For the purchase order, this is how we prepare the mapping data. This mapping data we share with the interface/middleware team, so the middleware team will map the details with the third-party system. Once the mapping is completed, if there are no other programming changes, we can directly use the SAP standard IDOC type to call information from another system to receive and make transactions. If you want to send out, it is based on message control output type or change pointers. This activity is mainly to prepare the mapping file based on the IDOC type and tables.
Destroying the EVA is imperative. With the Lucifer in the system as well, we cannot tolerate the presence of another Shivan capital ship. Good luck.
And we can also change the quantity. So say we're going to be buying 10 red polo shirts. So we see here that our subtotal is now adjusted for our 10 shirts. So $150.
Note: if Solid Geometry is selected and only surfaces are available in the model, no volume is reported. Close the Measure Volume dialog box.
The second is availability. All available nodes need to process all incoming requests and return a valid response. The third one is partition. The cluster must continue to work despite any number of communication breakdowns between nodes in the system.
...
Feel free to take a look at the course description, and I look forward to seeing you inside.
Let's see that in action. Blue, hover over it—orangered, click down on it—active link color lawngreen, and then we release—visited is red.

Your objective:
Pull every line containing "that" out of the material and copy it.

Written response:
And we can also change the quantity. So say we're going to be buying 10 red polo shirts. So we see here that our subtotal is now adjusted for our 10 shirts. So $150.
Let's see that in action. Blue, hover over it—orangered, click down on it—active link color lawngreen, and then we release—visited is red.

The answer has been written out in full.